Friday, December 14, 2007

Travel: Ski tracks into Tehran

You could be in Banff, Aspen, St Mortiz or any other ski resort in the world where the skiing is prime and the lifestyle is pristine. Ski resorts are renowned places to frolic with the rich and famous, recline in the five star chalets and to experience first-class service and entertainment. It’s a chance to be pampered and to live extravagantly in a winter wonderland above sea level.

Now imagine that crisp snow-covered wonderland, but imagine it interspersed with gender-segregated queues. As you dash down the slopes, imagine your scenery of nature and woodland interrupted with signs stating rules and etiquettes you must adhere to.

These images belong to the newest alpine scene that is drawing huge success in Tehran. Although the city still resides under strict authoritarian rule, the ski resorts – all located a short commute away from the city – are drawing huge interest from locals and foreigners. The resorts, even with all their rules and regulations, are a place for the new, predominately younger generation of Iranians to unwind and relax, and to get away from the stifling city environment of Tehran.
Tehran’s main resorts – Dizin, Tochal and Shemshak, have been drawing huge crowds since the first resort at Dizin opened in 1979. The resorts have all gained global recognition for the having some of the best weather and snow conditioning for alpine pursuits.

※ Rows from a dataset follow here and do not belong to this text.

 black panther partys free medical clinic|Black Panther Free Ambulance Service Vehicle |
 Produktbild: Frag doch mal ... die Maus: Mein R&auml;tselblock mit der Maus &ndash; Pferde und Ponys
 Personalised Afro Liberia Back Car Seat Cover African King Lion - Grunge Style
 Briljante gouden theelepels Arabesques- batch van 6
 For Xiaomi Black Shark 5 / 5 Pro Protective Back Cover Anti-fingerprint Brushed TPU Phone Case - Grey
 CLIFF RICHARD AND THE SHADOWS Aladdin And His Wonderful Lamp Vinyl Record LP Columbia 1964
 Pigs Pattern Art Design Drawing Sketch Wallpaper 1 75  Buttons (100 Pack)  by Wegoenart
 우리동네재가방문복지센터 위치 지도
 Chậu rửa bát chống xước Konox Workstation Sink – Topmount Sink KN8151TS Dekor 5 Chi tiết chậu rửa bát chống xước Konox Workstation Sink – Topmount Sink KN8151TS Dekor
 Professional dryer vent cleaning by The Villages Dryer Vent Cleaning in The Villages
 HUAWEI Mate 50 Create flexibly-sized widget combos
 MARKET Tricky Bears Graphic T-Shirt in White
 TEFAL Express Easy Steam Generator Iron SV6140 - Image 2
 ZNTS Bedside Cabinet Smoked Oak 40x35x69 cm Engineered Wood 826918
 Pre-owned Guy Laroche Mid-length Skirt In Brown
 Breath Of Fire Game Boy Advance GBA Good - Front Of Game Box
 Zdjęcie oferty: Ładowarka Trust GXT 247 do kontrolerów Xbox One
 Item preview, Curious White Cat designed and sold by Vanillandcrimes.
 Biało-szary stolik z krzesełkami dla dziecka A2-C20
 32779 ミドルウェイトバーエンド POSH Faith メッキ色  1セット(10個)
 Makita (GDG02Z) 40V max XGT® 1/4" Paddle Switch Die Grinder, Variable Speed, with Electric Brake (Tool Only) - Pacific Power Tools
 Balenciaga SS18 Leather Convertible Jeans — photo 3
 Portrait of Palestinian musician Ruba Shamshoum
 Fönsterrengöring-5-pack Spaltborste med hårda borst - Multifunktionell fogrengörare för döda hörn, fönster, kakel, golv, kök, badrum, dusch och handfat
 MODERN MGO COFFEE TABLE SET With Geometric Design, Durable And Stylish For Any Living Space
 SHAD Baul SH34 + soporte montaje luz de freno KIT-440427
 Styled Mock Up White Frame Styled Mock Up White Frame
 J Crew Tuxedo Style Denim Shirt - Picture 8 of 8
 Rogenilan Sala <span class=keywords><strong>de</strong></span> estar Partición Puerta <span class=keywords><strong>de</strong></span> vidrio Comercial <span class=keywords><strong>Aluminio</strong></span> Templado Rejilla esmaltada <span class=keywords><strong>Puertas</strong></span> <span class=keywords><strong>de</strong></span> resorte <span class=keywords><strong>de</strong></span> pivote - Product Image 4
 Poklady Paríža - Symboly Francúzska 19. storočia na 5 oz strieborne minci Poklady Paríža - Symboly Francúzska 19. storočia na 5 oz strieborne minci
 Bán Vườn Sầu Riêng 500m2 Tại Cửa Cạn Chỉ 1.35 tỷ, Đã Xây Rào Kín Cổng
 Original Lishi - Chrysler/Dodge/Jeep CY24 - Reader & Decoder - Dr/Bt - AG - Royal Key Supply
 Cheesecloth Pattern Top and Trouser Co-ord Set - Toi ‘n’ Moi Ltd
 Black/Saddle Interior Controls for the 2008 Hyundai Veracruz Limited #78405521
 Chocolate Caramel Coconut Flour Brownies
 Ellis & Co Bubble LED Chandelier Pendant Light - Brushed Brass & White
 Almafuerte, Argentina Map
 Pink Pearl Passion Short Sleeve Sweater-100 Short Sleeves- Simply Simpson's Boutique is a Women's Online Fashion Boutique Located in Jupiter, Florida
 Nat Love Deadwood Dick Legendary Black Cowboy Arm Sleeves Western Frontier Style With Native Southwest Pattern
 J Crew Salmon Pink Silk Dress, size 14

Iran’s budding ski culture can be linked to the presence of the Alborz mountain range in Northern Iran. There is said to be something quite remarkable about the Alborz Mountains, a source of inspiration and worship for the Zoroastrians, the once dominant religion for most of Iran. The mountains are a source of peace and solitude, and most skiers find their very sheer presence as they trail down the mountain to be both humbling and engulfing.

The mountains also offers some of the last remaining unpolluted breathing spaces in Tehran, poking out like an oxygenated gemstone from the smog-encrusted skyline of the construction and traffic laden city.

The idea of skiing was initially introduced by foreigners – Germans who were working on the Iranian railroad around the 1930s decided to take advantage of the fine slopes. Returning Iranians who had been to western countries were thrilled to find such an activity available in their home country, and it eventually grew in popularity all over Tehran. In 1947, the Iranian Ski Foundation was brought into existence.

Although Tehran resort services may have a while to go before they start reflecting their Western counterparts, it is the basic ‘minimum fuss and maximum experience’ that is offered and manages to attract people year after year.
The resort of Dizin is one of the most well-known ski locations in Iran. Located just 60 km and over an hour away from Tehran, it’s also noted as being one of the more relaxed resorts in Tehran for Iranian youth to congregate together and socialise without any qualms.

Until recently, tales of the much feared Basiji, or religious police, struck deep fear into the skiers of the slopes. It was common to see these Basiji enforcing strict rules on the slopes, enforcing fines. Up until recently, the slope had been segregated into two sections – male and female.
This may not paint the best picture of prime skiing environment; however, you’ll be glad to hear that nowadays Dizin is regarded as one of the more ‘vibrant’ resorts out of the three, even with the religious police still dotted around the slopes. They still go on patrol of the resorts, however in recent times they have adopted a far less severe approach and the youth are beginning to rekindle their social freedom. If anything, the new generation of Iranian youth have gotten cheekier, and have even preyed upon the fact that not all members of the religious police are capable skiers. Young Iranians defying the guidelines of the authorities by not covering their hair, skiing with a member of the other gender, or even just wearing a t-shirt on the slopes are coming out of the woodwork and into the freedom of the 21st century.

Regardless of the religious police, the banners scattered around the resorts in Farsi pointing out the religious rules, the lack of flashy westernised amenities, Dizin is really just like any other ski-resort.

Music is now played loudly from speakers, people sit in cafés sipping tea taking in the atmosphere, laughter and chatter is heard from the ski lift gondolas – everything is a welcome veil that appears thrown over the backdrop of the stifling and grey Tehran city.
Dizin is a noisy, crowded hive of activity, especially on the weekends when the families from the city come out and play.

One of the main attractions about skiing is Tehran is the fact that it will not cause huge, immense holes in your budget. A full day ski pass at Dizin is around $4 – $5, and ski equipment and wear rental is around $10 – $30, although it is recommended that you bring your own equipment ad wardrobe, as a lot of rental equipment is believed to be actual relics from the 70s and 80s. Snowboarding equipment is also available – snowboarders are welcome on the slopes and their numbers are growing around Tehran as more locals begin to catch on.

Dizin, Shemshak and Tochal are all easily accessible via Tehran. The nearest airport to the resorts is the Tehran Imam Khomeini International Airport. Check your local travel agents for details of flights to Tehran. The resorts are accessible from the airport or Tehran city via coach.